Exercise directions - Say, as a bare number, how many lines of the listing hold "along".

Dataset extract -
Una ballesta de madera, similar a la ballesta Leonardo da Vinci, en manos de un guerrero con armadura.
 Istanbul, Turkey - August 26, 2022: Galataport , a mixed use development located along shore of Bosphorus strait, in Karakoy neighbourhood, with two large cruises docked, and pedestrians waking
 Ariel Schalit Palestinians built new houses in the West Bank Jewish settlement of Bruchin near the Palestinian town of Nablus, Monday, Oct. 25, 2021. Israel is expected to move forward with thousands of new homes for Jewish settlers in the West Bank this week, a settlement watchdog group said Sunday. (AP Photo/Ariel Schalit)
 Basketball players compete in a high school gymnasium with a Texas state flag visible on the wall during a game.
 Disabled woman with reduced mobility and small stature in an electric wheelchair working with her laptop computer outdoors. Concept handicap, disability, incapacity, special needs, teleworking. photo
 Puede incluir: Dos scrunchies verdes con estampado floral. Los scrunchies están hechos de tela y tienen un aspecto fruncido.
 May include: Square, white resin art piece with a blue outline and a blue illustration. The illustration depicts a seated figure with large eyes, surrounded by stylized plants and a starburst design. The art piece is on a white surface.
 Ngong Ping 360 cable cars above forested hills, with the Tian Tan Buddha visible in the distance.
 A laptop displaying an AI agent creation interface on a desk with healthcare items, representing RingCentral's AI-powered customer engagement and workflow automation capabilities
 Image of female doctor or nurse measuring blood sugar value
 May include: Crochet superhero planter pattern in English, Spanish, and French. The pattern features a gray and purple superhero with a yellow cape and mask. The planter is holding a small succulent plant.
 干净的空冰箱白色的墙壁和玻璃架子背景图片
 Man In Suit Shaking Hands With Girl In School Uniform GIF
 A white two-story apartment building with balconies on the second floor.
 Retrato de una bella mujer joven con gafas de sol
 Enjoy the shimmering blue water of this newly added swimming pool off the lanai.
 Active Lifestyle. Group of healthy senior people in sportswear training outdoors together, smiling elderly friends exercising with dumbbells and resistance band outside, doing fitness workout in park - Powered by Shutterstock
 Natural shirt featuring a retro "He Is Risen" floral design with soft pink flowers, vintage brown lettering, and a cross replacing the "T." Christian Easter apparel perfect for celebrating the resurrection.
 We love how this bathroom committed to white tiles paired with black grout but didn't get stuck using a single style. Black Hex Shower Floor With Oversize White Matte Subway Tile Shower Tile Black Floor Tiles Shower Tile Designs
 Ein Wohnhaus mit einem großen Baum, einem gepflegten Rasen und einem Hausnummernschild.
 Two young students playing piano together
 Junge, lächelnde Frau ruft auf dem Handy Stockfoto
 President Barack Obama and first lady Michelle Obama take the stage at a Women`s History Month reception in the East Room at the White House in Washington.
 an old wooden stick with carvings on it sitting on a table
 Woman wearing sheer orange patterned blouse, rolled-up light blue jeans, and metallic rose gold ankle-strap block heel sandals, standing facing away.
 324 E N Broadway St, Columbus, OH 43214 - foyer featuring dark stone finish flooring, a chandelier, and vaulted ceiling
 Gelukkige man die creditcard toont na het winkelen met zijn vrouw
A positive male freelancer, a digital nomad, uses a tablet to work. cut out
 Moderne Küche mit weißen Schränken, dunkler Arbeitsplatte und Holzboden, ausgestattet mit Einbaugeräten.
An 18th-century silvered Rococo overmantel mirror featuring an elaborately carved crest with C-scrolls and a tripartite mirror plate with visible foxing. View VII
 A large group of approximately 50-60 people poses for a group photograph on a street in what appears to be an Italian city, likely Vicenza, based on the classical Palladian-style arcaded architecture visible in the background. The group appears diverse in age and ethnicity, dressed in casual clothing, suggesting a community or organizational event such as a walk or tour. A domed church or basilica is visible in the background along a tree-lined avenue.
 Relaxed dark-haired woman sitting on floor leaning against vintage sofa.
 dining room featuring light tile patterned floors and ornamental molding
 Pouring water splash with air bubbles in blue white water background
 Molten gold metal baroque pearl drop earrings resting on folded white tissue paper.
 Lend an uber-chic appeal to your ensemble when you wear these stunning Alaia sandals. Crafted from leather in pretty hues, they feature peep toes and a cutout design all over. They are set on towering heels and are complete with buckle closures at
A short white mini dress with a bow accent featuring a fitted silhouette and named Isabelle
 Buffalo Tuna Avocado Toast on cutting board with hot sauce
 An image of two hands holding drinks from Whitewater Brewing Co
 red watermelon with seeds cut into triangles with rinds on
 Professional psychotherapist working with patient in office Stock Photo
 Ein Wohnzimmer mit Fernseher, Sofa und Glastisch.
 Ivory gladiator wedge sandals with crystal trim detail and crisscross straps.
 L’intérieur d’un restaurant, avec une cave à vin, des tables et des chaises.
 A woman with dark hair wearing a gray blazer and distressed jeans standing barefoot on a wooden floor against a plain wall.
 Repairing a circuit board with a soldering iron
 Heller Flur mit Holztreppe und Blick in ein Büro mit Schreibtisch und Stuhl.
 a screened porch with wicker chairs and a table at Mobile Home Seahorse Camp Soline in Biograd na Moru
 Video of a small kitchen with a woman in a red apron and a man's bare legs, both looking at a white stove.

Response area - 2